[[ Stored data open ]]

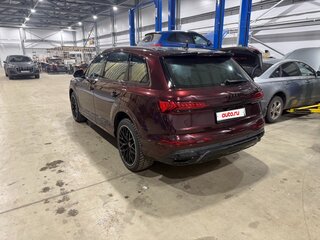 2022 Audi Q7 55 TFSI II (4M) Рестайлинг, чёрный, 8730000 рублей, вид 4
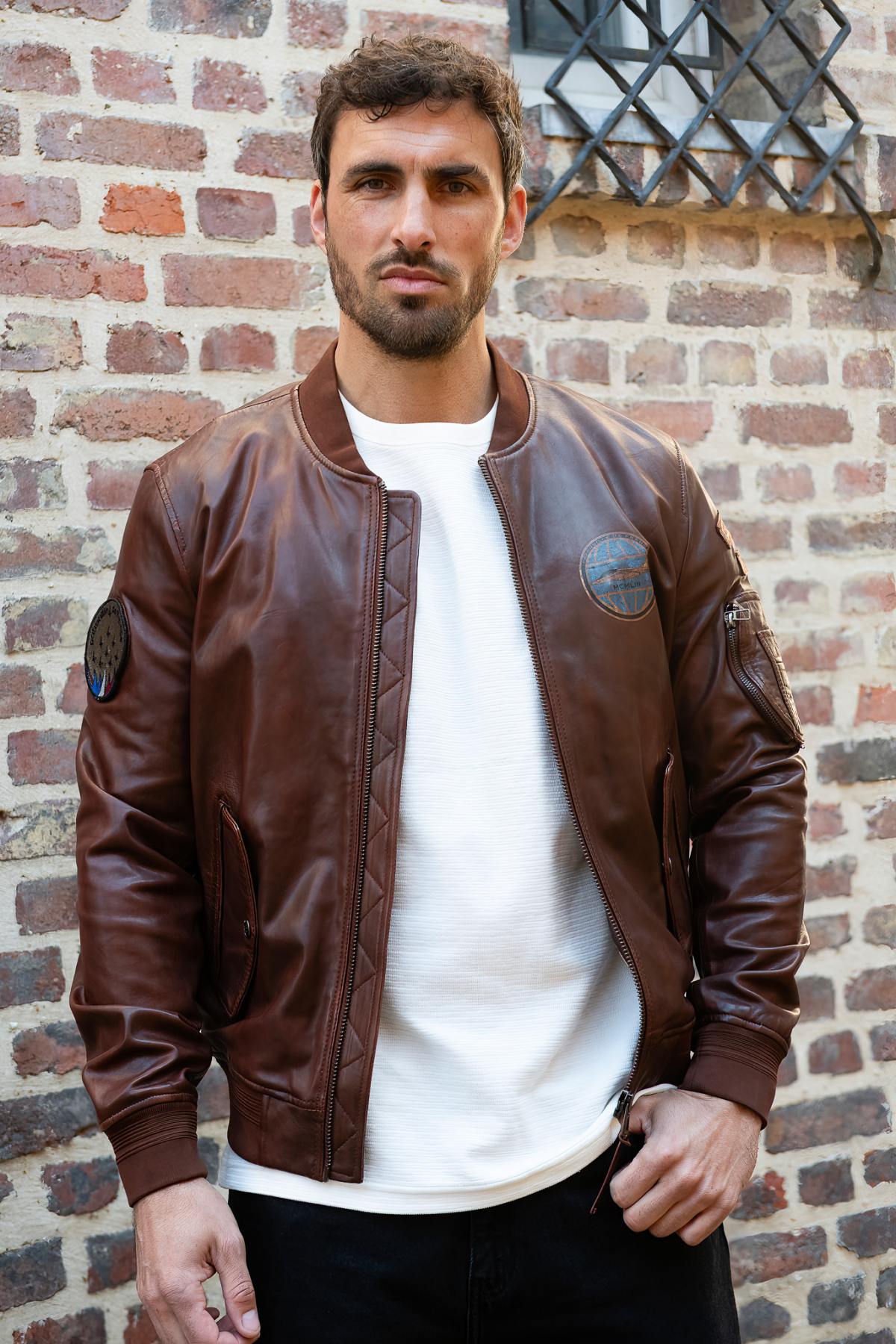 Vintage-style brown leather bomber jacket, Patrouille de France - Image n°5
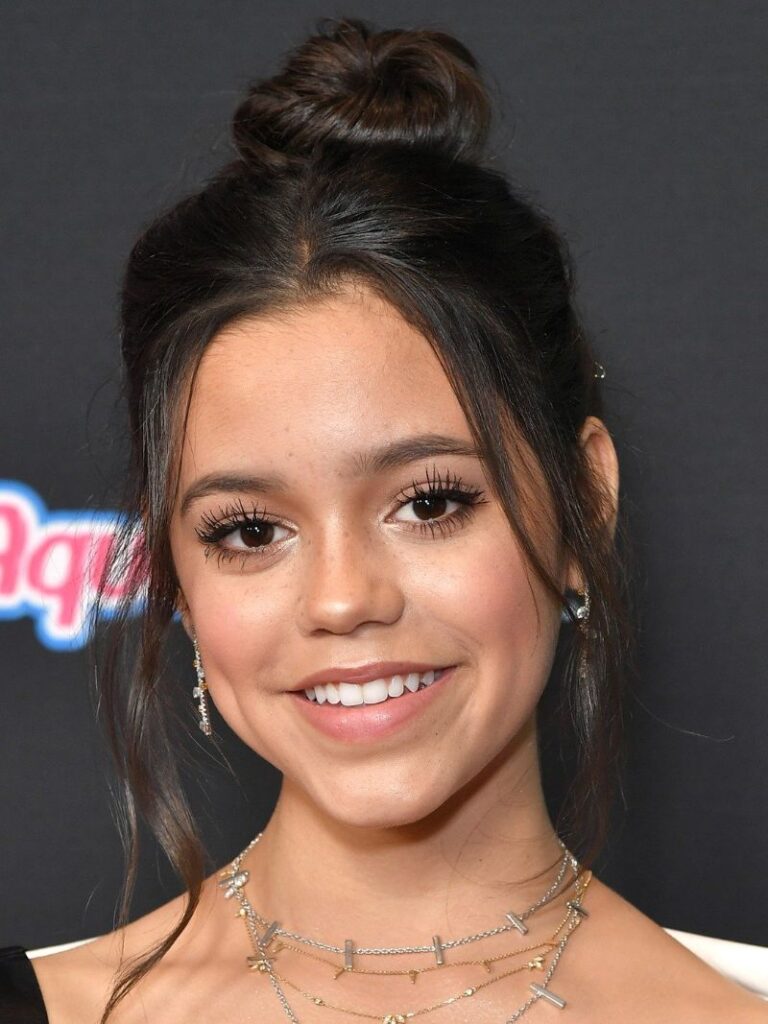 jenna ortega oorn - rainey james sextape nozomi aso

[[ Stored data closed ]]

> **Work item**
The copy runs from the line containing "Vintage-style brown leather" through the last line of the material, both ends included. Reproduce those lines exactly and drop the pictures.

> **Written response**
 Vintage-style brown leather bomber jacket, Patrouille de France - Image n°5
 jenna ortega oorn - rainey james sextape nozomi aso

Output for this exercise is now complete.